___ SUPPLIED MATERIAL
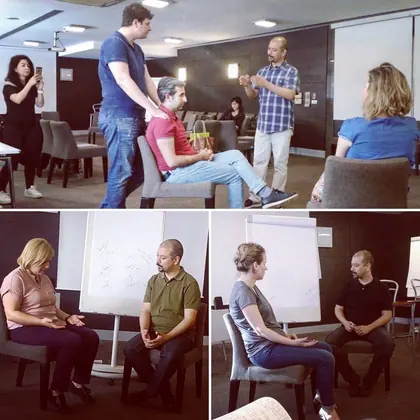 İstanbul NLP sertifika eğitimi sınıf ve uygulama fotoğrafı 24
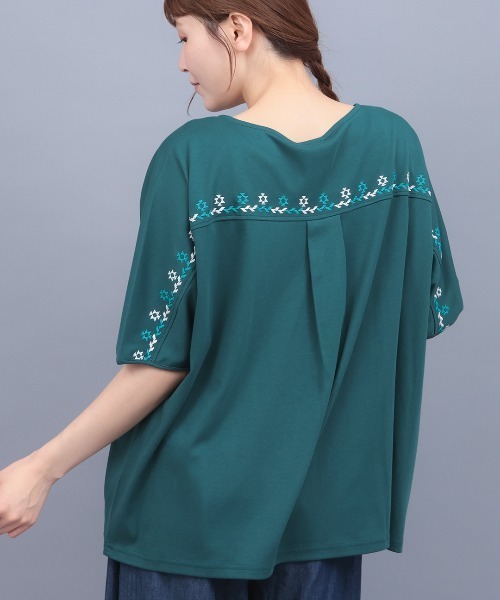 チチカカ(チチカカ)の「汗染み防止バックライン刺繍プルオーバー(Tシャツ/カットソー・レディース・グリーン/アイボリー/ブラック・FREE)」の3枚目の写真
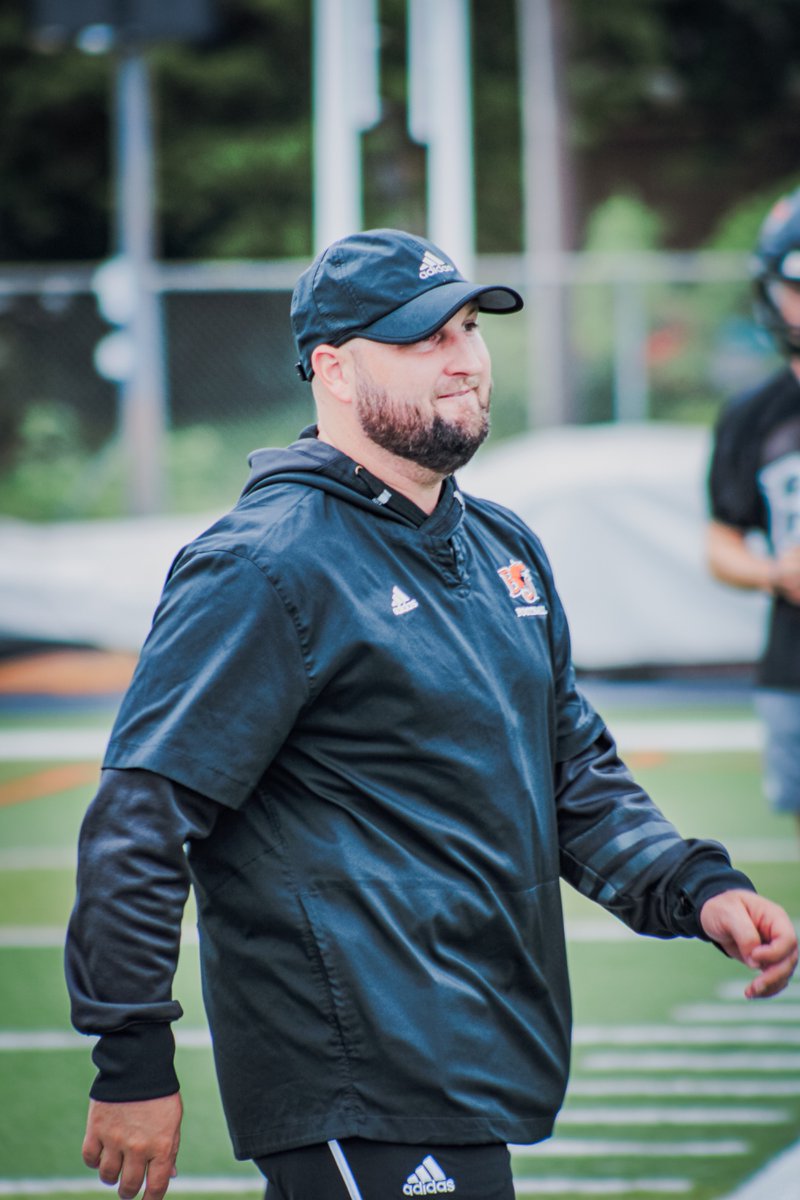 Baker University Football tweet media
______
→ WHAT IS BEING ASKED: Print the full listing exactly, dropping the pictures.

→ EXERCISE OUTPUT:
 İstanbul NLP sertifika eğitimi sınıf ve uygulama fotoğrafı 24
 チチカカ(チチカカ)の「汗染み防止バックライン刺繍プルオーバー(Tシャツ/カットソー・レディース・グリーン/アイボリー/ブラック・FREE)」の3枚目の写真
 Baker University Football tweet media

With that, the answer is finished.